En effet, l’exposition de l’« histoire de la distance » nous conduit dans une étude rigoureuse de la temporalité, ce qui est cohérent avec le dessein de l’A., pour laquelle le temps permet de revoir les thèmes du don et du retrait, de les développer et de les mener vers leur accomplissement. Précisément, dans le chapitre 3, le thème de la Grâce trouve son plein potentiel, car il sert à construire une dialectique (p. 321) et une architectonique du don (p. 328). Pour illustrer sa dialectique, l’A. propose l’image de midi et de minuit et montre que tout don relève de la répétition.

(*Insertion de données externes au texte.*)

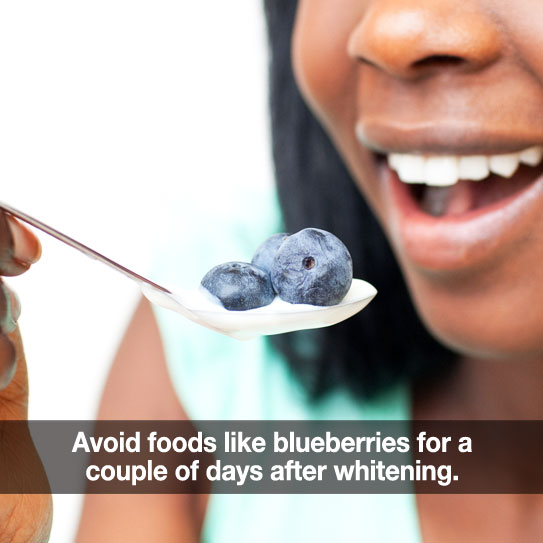 Woman eating blueberries after teeth whitening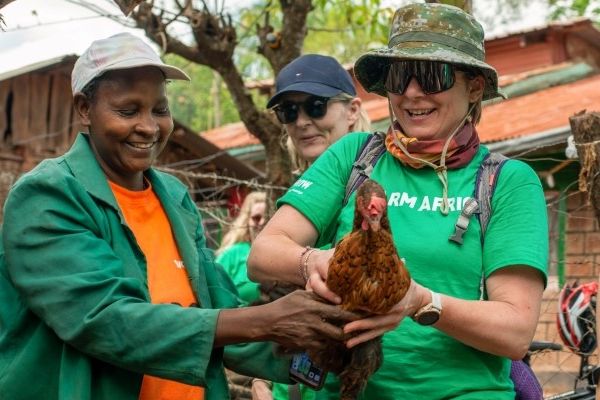 Michelle Morris holding a chicken with a Kenyan Farmer.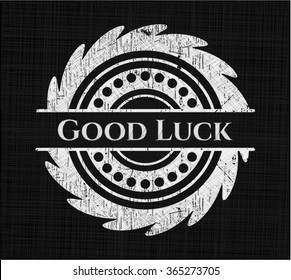 Good Luck chalkboard emblem written on a blackboard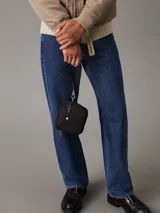 Riñonera negra de poliéster reciclado con correa ajustable con clip, cierre de cremallera en la parte superior y dos bolsillos exteriores en la parte delantera con anillas en D. Se pliega y se cierra con cremallera para crear una cartera para la muñeca.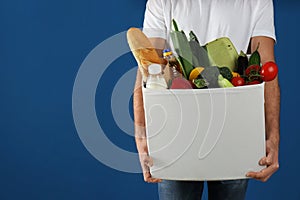 Courier with fresh products on background, closeup. Food delivery service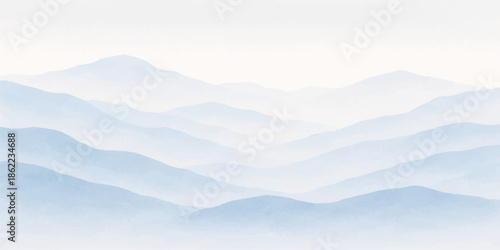 A breathtaking sunrise view of misty blue mountains and clouds blanketing a winter forest valley as the morning sun illuminates the snow covered peak and horizon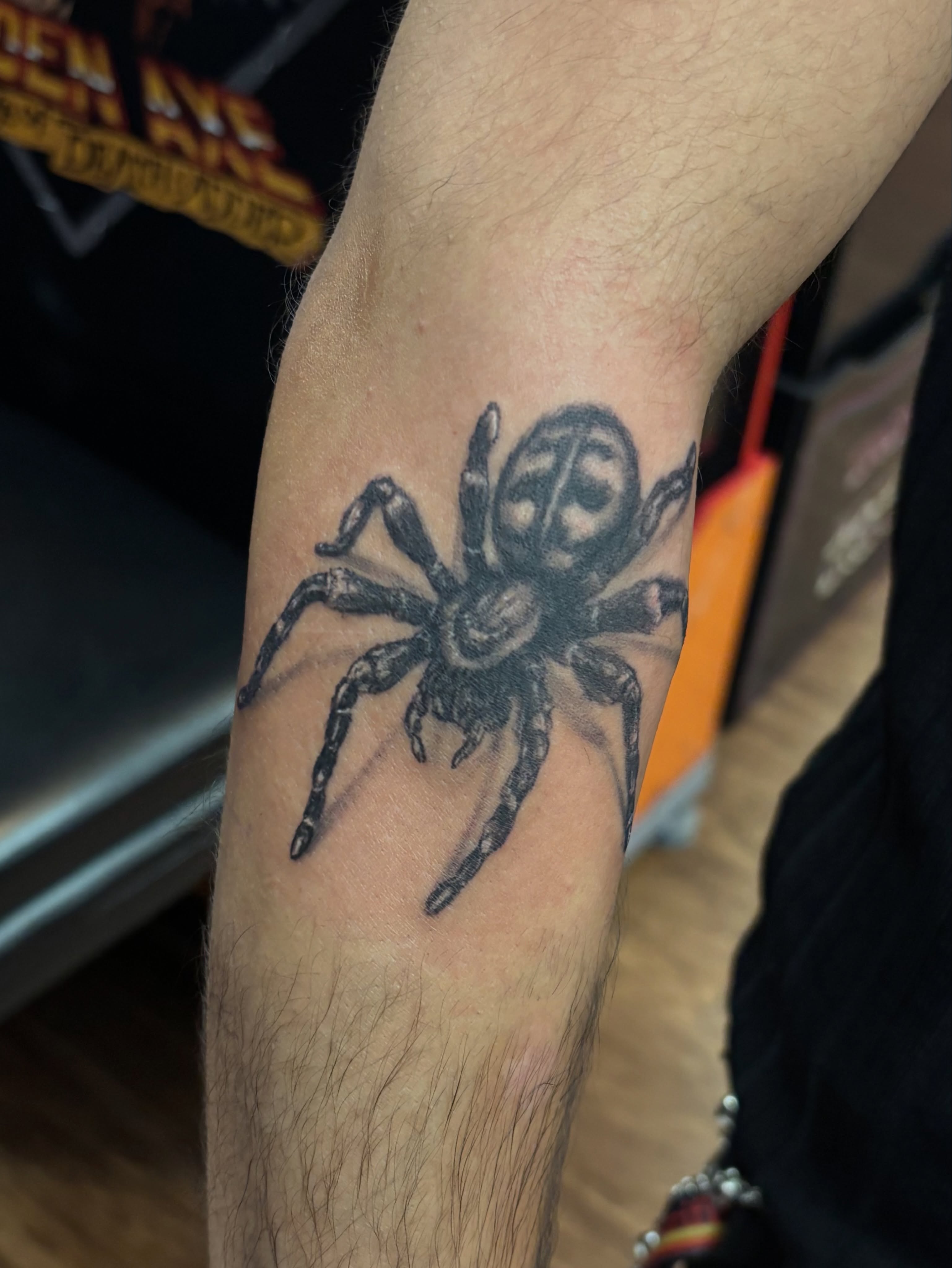 Spider black and grey tattoo on the forearm by Thom Johns-Green
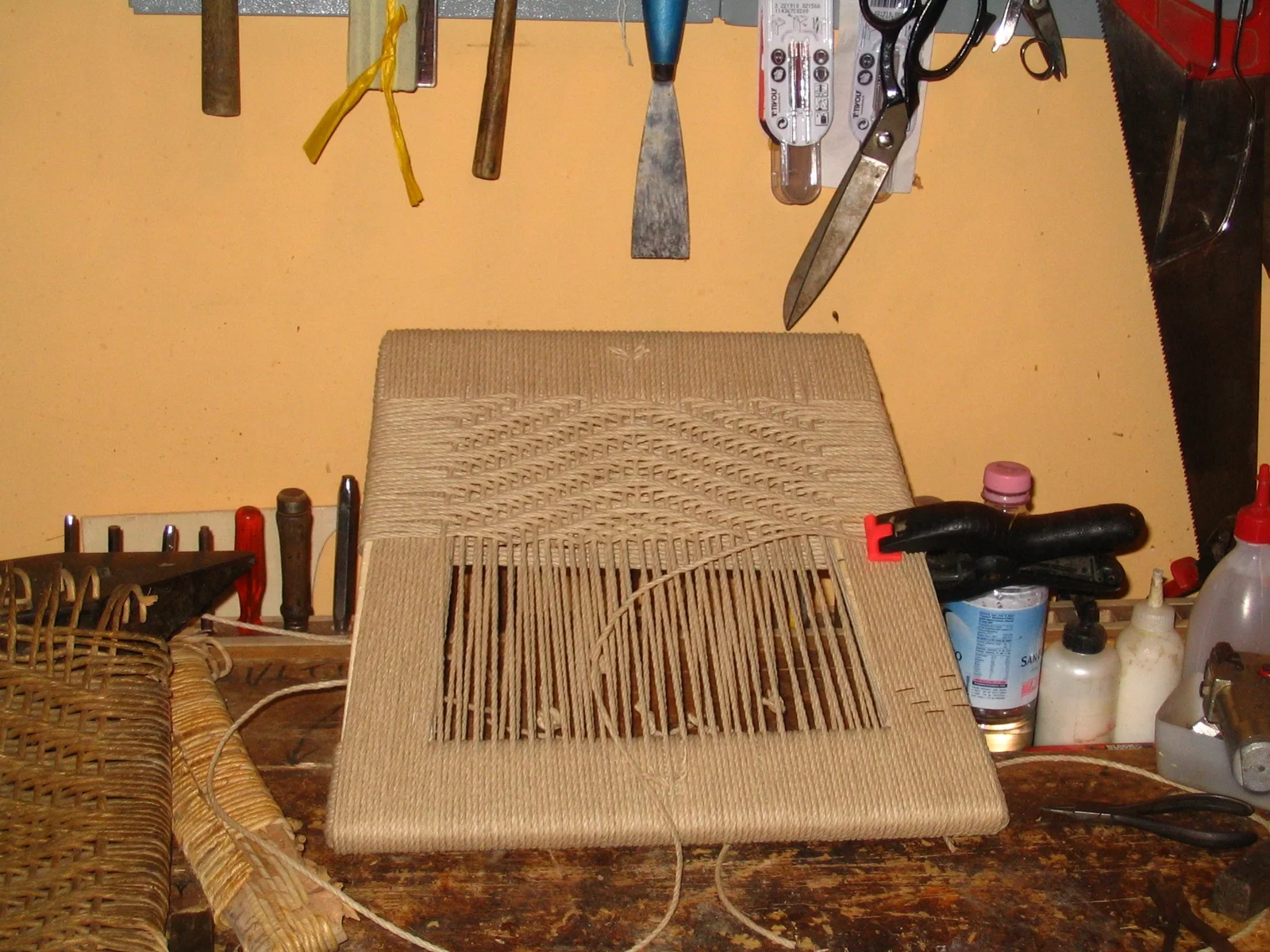 Chair with a corded pattern being made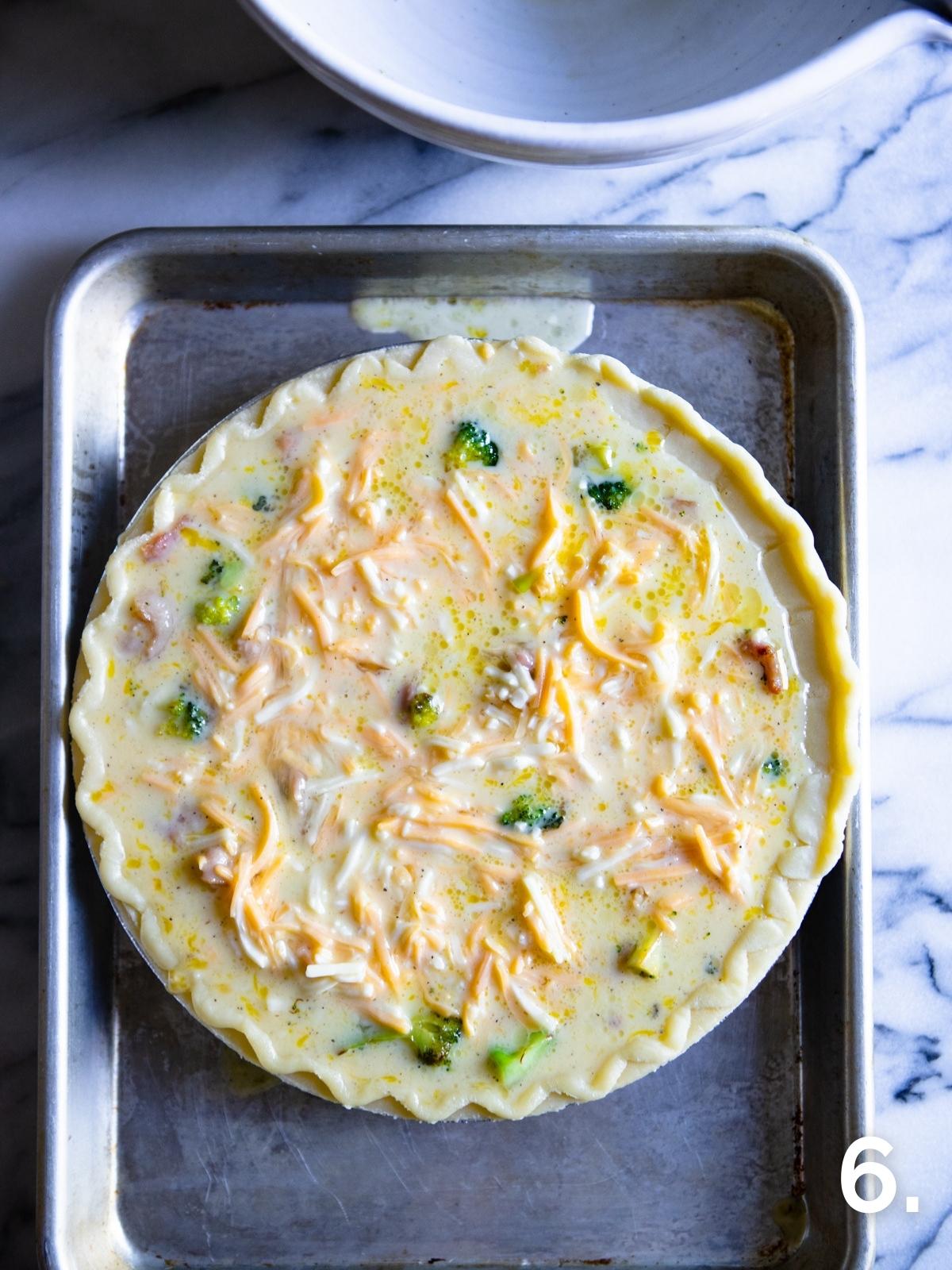 raw quiche in a pie pan placed on a baking sheet, ready to bake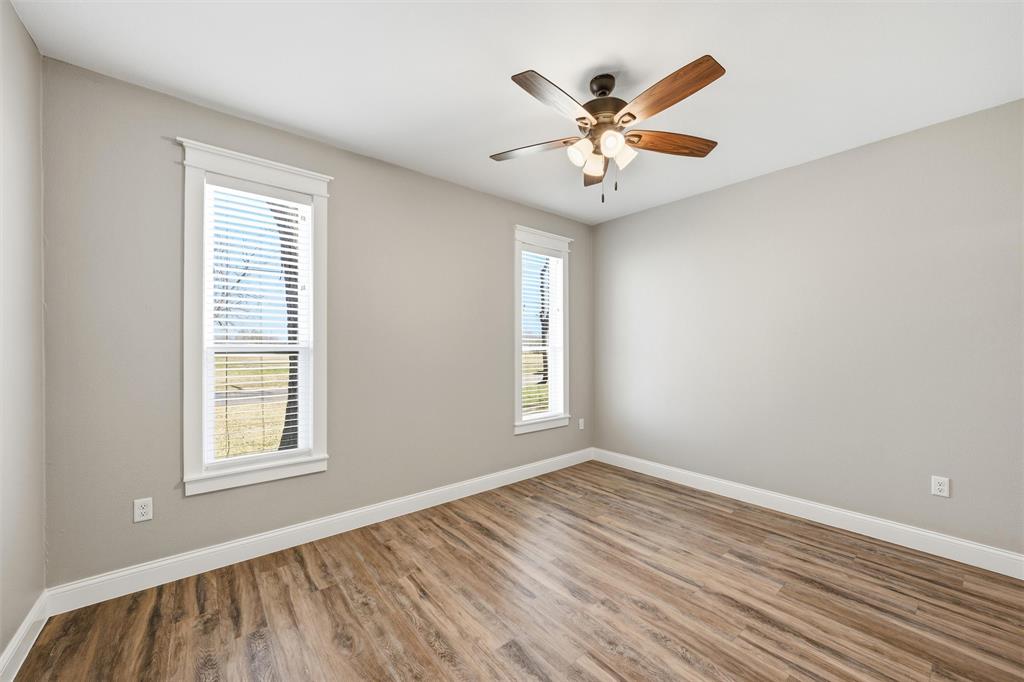 3801 South 4th Street Waco, TX 76706 - Photo 16 of 26 a view of an empty room with wooden floor and a window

Après ce bref survol du livre de Bellaiche-Zacharie, il faut féliciter l’A. d’avoir osé sortir des sentiers balisés. L’étude de la temporalité, par exemple, nous a appris beaucoup, notamment sur le rôle du retard et de l’attente pour Kierkegaard (p. 210-220). Mais plusieurs questions persistent encore. En effet, comment traiter de la distance sans jouer à fond le jeu des pseudonymes ? Dans un autre ordre d’idées, nous nous demanderons si les nombreux tableaux ou schémas (p. 78, 97, 106, 179, 193, etc.), plutôt que d’éclairer les distinctions, ne les obscurcissent pas davantage. Cette remarque peut aussi valoir pour l’exégèse elle-même dans le sens où l’A. ne discute que rarement les textes pour eux-mêmes et n’utilise qu’accidentellement les commentateurs. Parce que l’A. éprouve des difficultés à définir les concepts, on voit mal comment tirer le maximum de ses analyses exigeantes. Comment enfin expliquer que les 150 premières pages fassent abstraction de la topologie existentielle ? Voilà pourquoi nous dirons que ce livre est capable du meilleur comme du pire. S’il nous propose de nombreuses intuitions, il n’accompagne pas ces intuitions de catégories pouvant les rendre fécondes. Kant serait déçu. Mais laissons Kant de côté, bien que Kierkegaard l’ait lu et commenté, car il n’interviendra pas dans ce livre au sous-titre à vrai dire nébuleux. Il y a lieu de s’étonner, en outre, que l’A. ne dise jamais mot de la mélancolie kierkegaardienne, la Melancholia, qui est le sous-titre du livre.

Avis aux lecteurs impatients : oui, on cherche en vain la méthodologie et la conclusion de ce long ouvrage, mais il donne néanmoins beaucoup à penser. C’est ce que nous avons tenté de montrer.